Retype each line of the listing below, from the first through the one holding "Handsome man using", with no other lines.

» LISTED ENTRIES
--- --- ---
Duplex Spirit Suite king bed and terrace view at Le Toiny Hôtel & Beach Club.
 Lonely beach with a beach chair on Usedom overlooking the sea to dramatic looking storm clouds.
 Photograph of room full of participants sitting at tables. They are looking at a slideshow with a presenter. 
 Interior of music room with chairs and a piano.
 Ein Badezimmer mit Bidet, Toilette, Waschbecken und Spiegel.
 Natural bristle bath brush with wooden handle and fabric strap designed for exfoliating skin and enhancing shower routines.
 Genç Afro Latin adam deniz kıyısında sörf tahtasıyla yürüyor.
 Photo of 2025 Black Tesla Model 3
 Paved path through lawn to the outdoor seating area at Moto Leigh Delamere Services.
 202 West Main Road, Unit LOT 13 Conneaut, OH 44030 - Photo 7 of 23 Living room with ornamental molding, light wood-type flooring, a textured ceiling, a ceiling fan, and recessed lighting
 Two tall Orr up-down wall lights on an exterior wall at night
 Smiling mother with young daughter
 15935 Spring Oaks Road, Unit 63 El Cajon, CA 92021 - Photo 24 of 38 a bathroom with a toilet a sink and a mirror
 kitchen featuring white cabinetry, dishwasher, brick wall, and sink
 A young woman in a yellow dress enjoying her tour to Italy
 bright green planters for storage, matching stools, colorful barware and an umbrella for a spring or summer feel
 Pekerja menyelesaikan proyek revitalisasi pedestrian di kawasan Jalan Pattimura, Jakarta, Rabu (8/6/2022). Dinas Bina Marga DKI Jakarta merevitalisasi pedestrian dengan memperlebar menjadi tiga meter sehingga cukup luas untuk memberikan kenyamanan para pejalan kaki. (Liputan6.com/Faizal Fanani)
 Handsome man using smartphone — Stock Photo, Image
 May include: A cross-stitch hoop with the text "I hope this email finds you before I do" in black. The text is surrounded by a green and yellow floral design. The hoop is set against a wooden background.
--- --- ---
» EXERCISE OUTPUT
Duplex Spirit Suite king bed and terrace view at Le Toiny Hôtel & Beach Club.
 Lonely beach with a beach chair on Usedom overlooking the sea to dramatic looking storm clouds.
 Photograph of room full of participants sitting at tables. They are looking at a slideshow with a presenter. 
 Interior of music room with chairs and a piano.
 Ein Badezimmer mit Bidet, Toilette, Waschbecken und Spiegel.
 Natural bristle bath brush with wooden handle and fabric strap designed for exfoliating skin and enhancing shower routines.
 Genç Afro Latin adam deniz kıyısında sörf tahtasıyla yürüyor.
 Photo of 2025 Black Tesla Model 3
 Paved path through lawn to the outdoor seating area at Moto Leigh Delamere Services.
 202 West Main Road, Unit LOT 13 Conneaut, OH 44030 - Photo 7 of 23 Living room with ornamental molding, light wood-type flooring, a textured ceiling, a ceiling fan, and recessed lighting
 Two tall Orr up-down wall lights on an exterior wall at night
 Smiling mother with young daughter
 15935 Spring Oaks Road, Unit 63 El Cajon, CA 92021 - Photo 24 of 38 a bathroom with a toilet a sink and a mirror
 kitchen featuring white cabinetry, dishwasher, brick wall, and sink
 A young woman in a yellow dress enjoying her tour to Italy
 bright green planters for storage, matching stools, colorful barware and an umbrella for a spring or summer feel
 Pekerja menyelesaikan proyek revitalisasi pedestrian di kawasan Jalan Pattimura, Jakarta, Rabu (8/6/2022). Dinas Bina Marga DKI Jakarta merevitalisasi pedestrian dengan memperlebar menjadi tiga meter sehingga cukup luas untuk memberikan kenyamanan para pejalan kaki. (Liputan6.com/Faizal Fanani)
 Handsome man using smartphone — Stock Photo, Image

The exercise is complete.